Point Information Criteria

Point versions of information criteria based on pointLik(). These help identify observations that contribute most to model complexity.

Python: Not yet implemented.

R Usage

library(greybox)  # Required for point IC functions

model <- adam(AirPassengers, "MMM", lags=12)
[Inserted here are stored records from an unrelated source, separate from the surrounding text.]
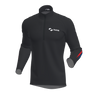 Flex 2.0 Shirt LS Men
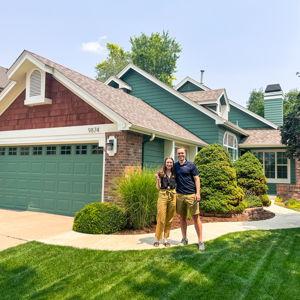 House Project Fund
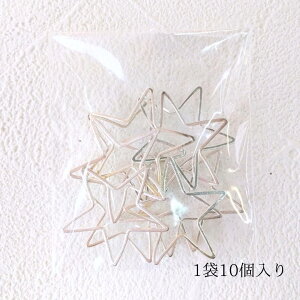 ݂ƃp[c  ܂Ƃߔ nhCh | r[YD p[c f r[Y lC r[Y܁@ eq  ANZT[ e nbs[obO yg[z[r[YFt@Ng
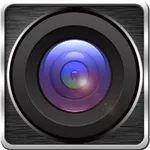 JustMyCam icon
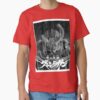 ssrcoclassic teemens 02dd21218219e99865frontproduct squarex1000 78 - Gurren Lagann UK Shop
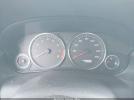 Cadillac CTS Standard Image 6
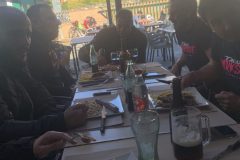 RutaCalsoteca7-scaled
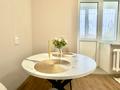 1-комнатная квартира · 45 м² · 1/5 этаж, мкр Астана 15 — Сзади «Дома Дружбы» за 11 000 〒 в Уральске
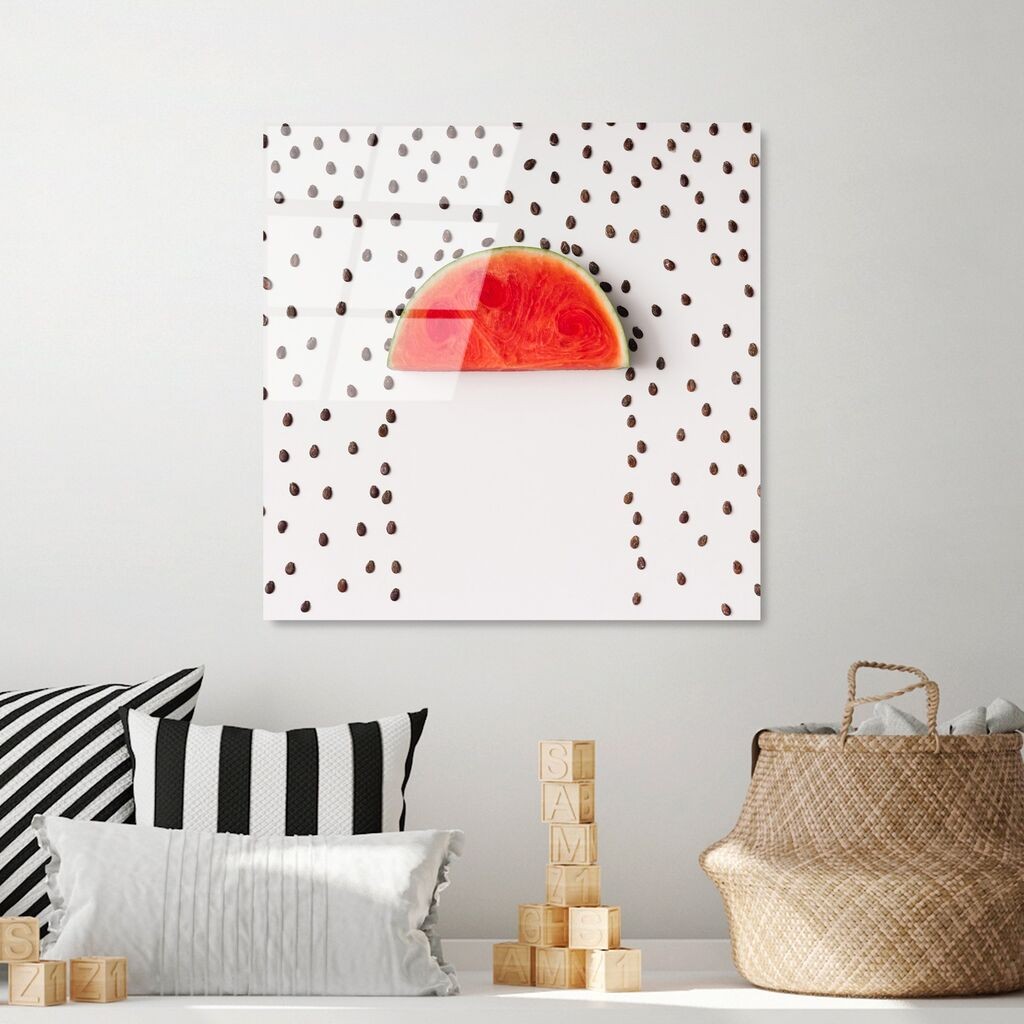 Wallity Image UV-825, 50 x 50 см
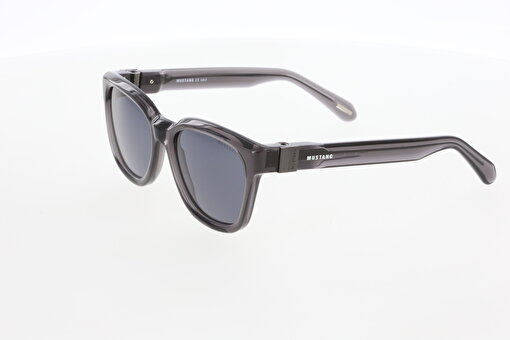Mustang 2507 03 Unisex Güneş Gözlüğü. ürün görseli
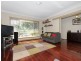 5 Elsie Street, Gosnells WA 6110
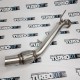ДаунПайп на BMW N47 e81 e87 e84 e90 e92 e60 ДаунПайп на BMW N47 e81 e87 e84 e90 e92 e60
# Point information criteria
pAIC(model)
pAICc(model)
pBIC(model)
pBICc(model)

These return vectors (one value per observation) rather than single values.

Accuracy

accuracy()

Computes various accuracy measures for the model's forecasts.

Python: Not yet implemented.

R Usage

model <- adam(AirPassengers, "MMM", lags=12, h=12, holdout=TRUE)

# Compute accuracy measures
accuracy(model)

Measures Returned

See details in measured() function from the greybox package.